The gangways were hardly down before there hurried on board from the wharf a gentleman in a tall hat, and two others with the ungroomed, long-haired appearance of the musician the world over. One of them bore a moderate-sized bouquet of white flowers, and another a small harp of roses that looked a little dashed with the sun and dust.

'Miss Cameron, Miss Cameron!' was the call echoed all along the deck. The captain himself came up and took the little girl and her mother down to the men. They were warmly shaken hands with, their healths and the voyage asked after, and the flowers presented. Then one of the musicians began to read an address couched in the most flattering terms, but half-way through the tall-hatted gentleman tapped his arm and whispered and looked at his watch. And the musician nodded and turned over the leaves of the address, and shook his head doubtfully and looked hastily also at his watch.

'My dear Miss Cameron,' he said, and rolled the big paper up, 'I shall really have to keep this for a more opportune time. We had thought the Utopia would not have been here until four this afternoon, when all our arrangements would have gone well. But now the mayor and the Euterpe Society, and all the musical bodies in the town are of course engaged in seeing the Bush Contingent off. We expect the procession any minute—indeed, it must be nearly in Pitt Street by this.'

Mrs. Cameron said a few graceful words, in which she begged them not to waste time now; she was assured by all their kind speeches of the welcome her daughter had in this her native city, and she expressed her sense of the good fortune that had awaited them, inasmuch as the Utopia had arrived in time to see an event of such national importance as the departure of the Bush Contingent. No one could have guessed at the dear fatuous notion she had been nursing in that sensible head of hers until a moment back.

As for Challis—Challis put her head over her fast-fading harp and laughed, laughed uncontrollably a minute or two. Then she stretched out her hand and touched one of the musician's sleeves. 'Couldn't we get off and see the procession?' she said.

The musician looked at her eagerly, admiringly. 'Just what I was going to suggest,' he cried. 'Come on, come on—we've got a carriage out here for you, and if we've any luck we'll just get up into Macquarie Street in time.'

He and his friends swept the two voyagers off their feet, and carried them with the pushing throng to the gangway.
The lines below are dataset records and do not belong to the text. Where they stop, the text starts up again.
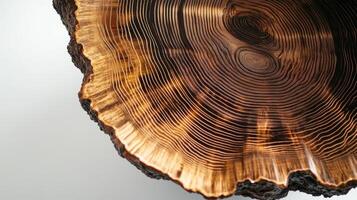 Exploring the intricate patterns of nature captured in a beautifully polished wooden cross-section revealing its stunning annual rings photo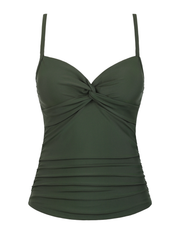 Firpearl Tankini Tops for Women Front Twist Bathing Suit Tops Ruched Tummy Control Swimsuit tops
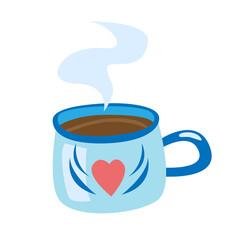 Warm cup of coffee in flat style. Isolated vector.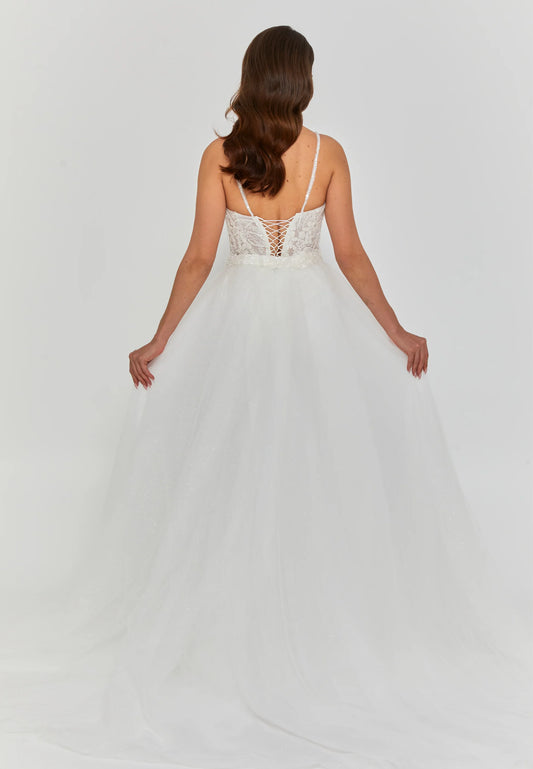 Sleeveless Maxi Tulle Regular Wedding Dress Unit Price: $365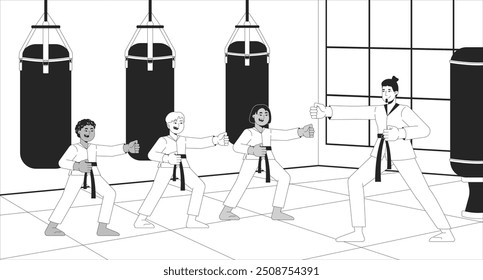 Karate sensei Training Kinder schwarz-weiß Linie Illustration. Lehrer Kimono Kinder üben Schläge 2D Zeichen monochromen Hintergrund. Kampfsport. Martial Arts Klasse Kontur Vektorbild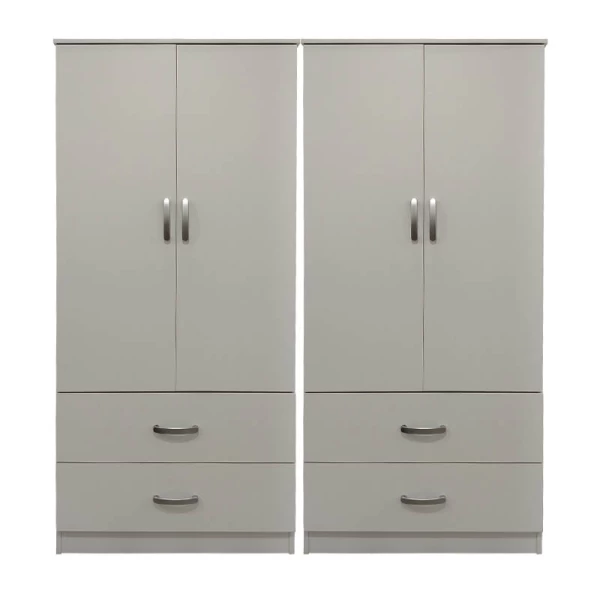 Ντουλάπα Τετράφυλλη Με Συρτάρια Lego Λευκή 160X42X180Εκ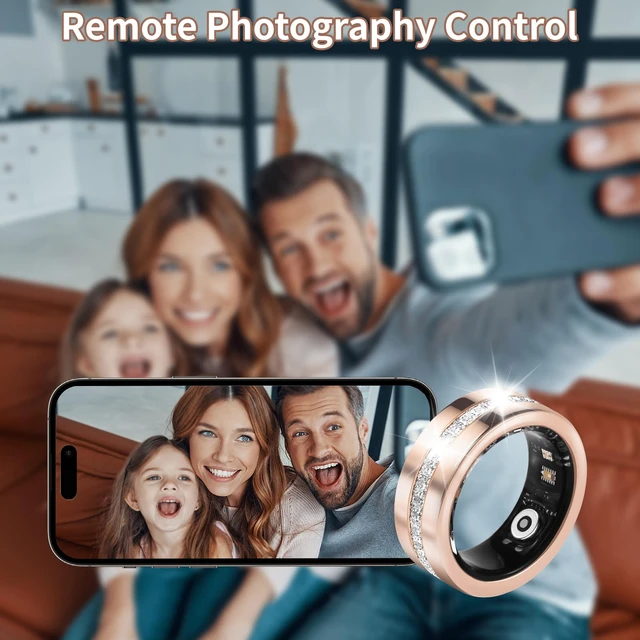 Alt view image 7 of 7 - Smart Ring for Women & Men - Health & Fitness Tracker with Heart Rate, Blood Oxygen, Sleep Monitoring, 128 Sports Modes, IP68 Waterproof, Gesture Control, No Subscription Fees (7#)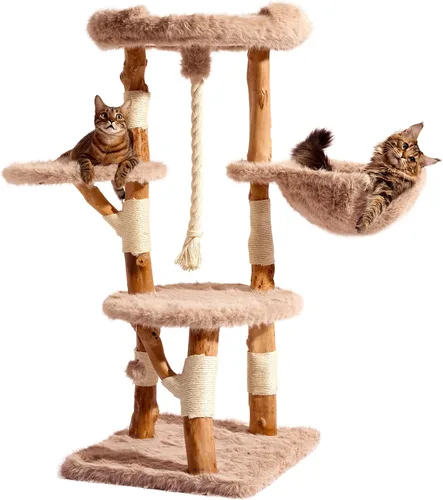 Miniatura 10 de Torre Estética para Gatos para Gatos Grandes, Árbol Grande para Gatos Maine Coon de Interior con Piel de Zorro Sintética, Poste Rascador de Sisal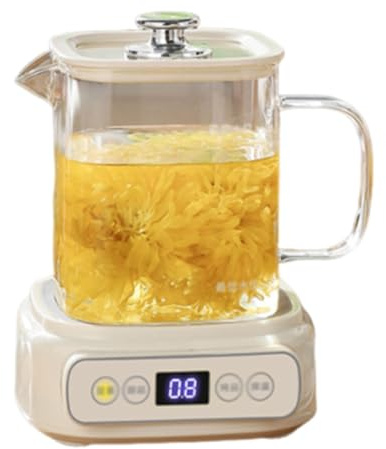 Bollitore elettrico domestico, teiera automatica multifunzionale in vetro spesso a forma di fiore, bollitore termostatico for acqua bollente for casa e ufficio, tè e caffè(1L)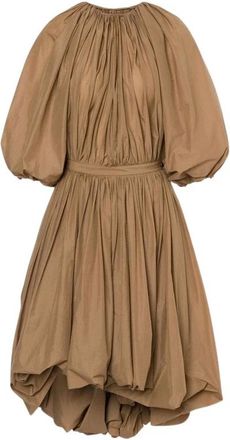 Philosophy di Lorenzo Serafini Midi Dresses, female, Beige, Size: S Plunging Puff-Sleeve Balloon Dress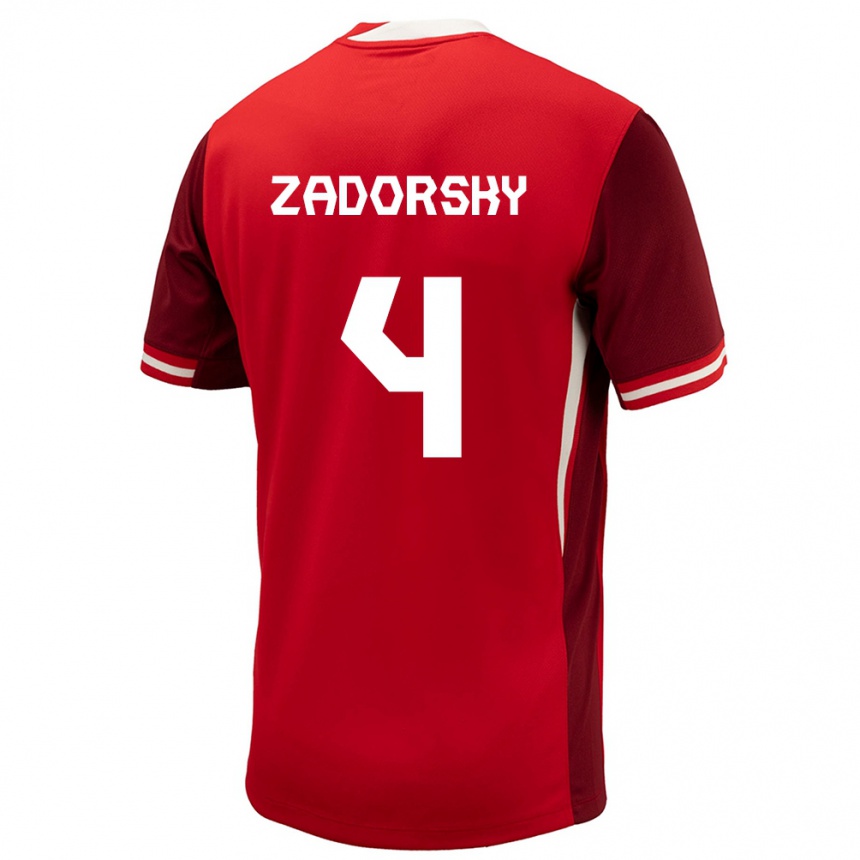 Niño Fútbol Camiseta Canadá Shelina Zadorsky #4 Rojo 1ª Equipación 24-26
None of the passengers had any time to look at them; all were a little off balance at the time, rushing about with faces broken up into tears and laughter, kissing and throwing arms round those they had been long parted from, wildly imploring stewards for gladstones and handbags from their cabins.
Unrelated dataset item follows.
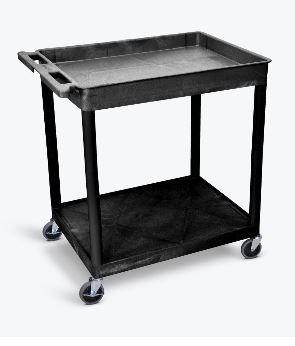 Luxor 2-Shelf Large Black Utility Cart with Wheels - Perfect for Kitchen, Bathroom, Office Organization & Storage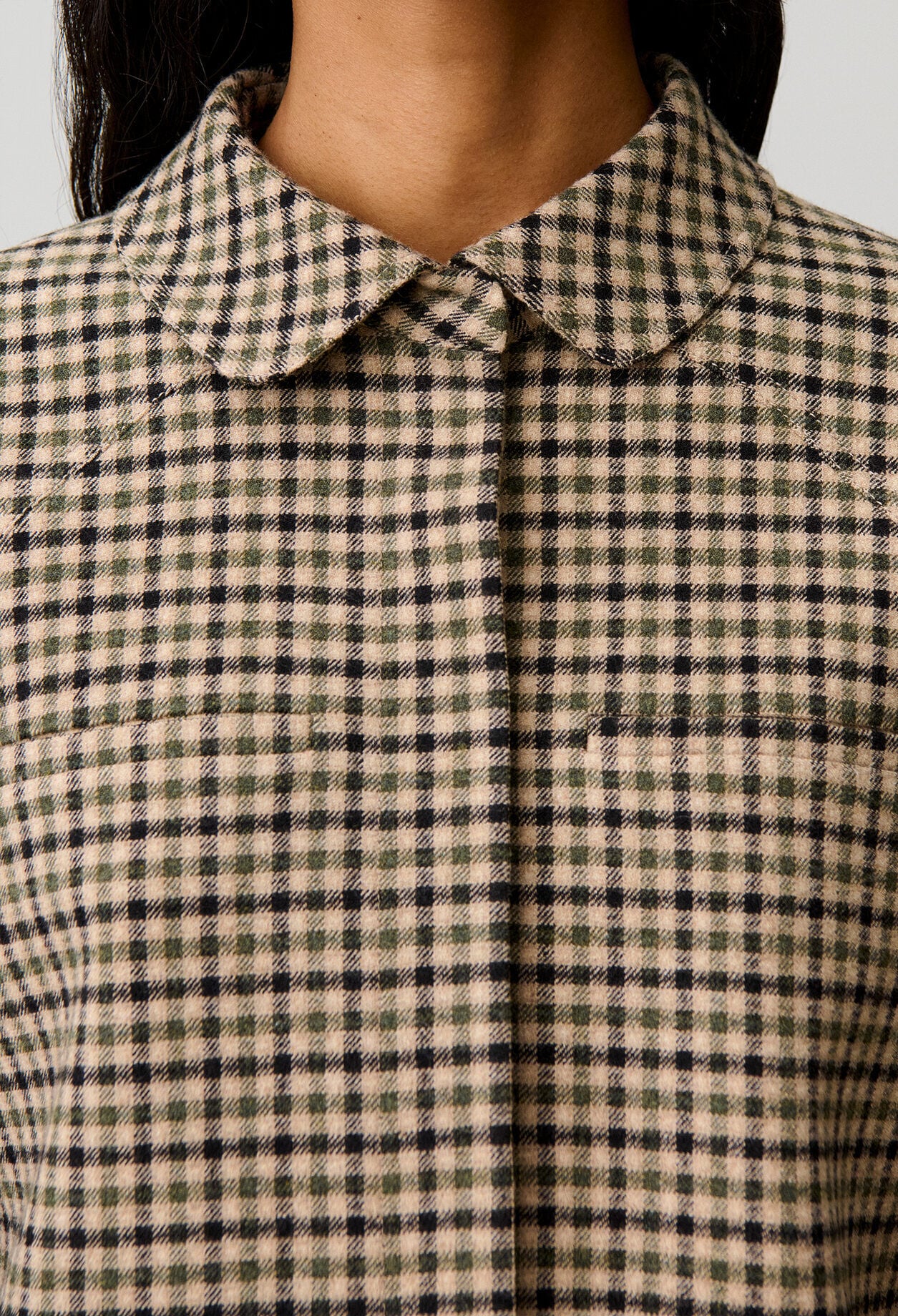 Veste courte laine m&eacute;lang&eacute;e &agrave; carreaux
In the crush Challis whispered to her mother, 'Oh, aren't I glad it's not for me!' in a tone of fervent thankfulness.

When they were down on the wharf, the rapturous meetings on all sides sent their eyes hungrily searching the crowd again for their own home welcomers. But there seemed no one, no one, look as they would, and they went slowly down the company's wharf with the welcomers the city had sent to the hired open carriage outside.
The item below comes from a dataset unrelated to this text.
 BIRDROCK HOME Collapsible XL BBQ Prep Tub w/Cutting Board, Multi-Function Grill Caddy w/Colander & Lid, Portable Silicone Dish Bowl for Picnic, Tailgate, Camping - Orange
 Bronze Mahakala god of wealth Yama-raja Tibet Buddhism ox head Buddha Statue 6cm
Challis and her mother sat facing the horses, the tall-hatted gentleman and one musician sat opposite to them, the other went on the box. It had been the committee's intention to bid the coachman wear white favours, in honour of the visitor's youth. But the item had been forgotten, and the man wore instead three of the Contingent medals boys were selling in the streets. The carriage made a snail's progress along the quay crowded with the emptyings of the ferry-boats, and slowly, slowly climbed up to Bridge Street, which was on the line of march. The multitude looked at the vehicle.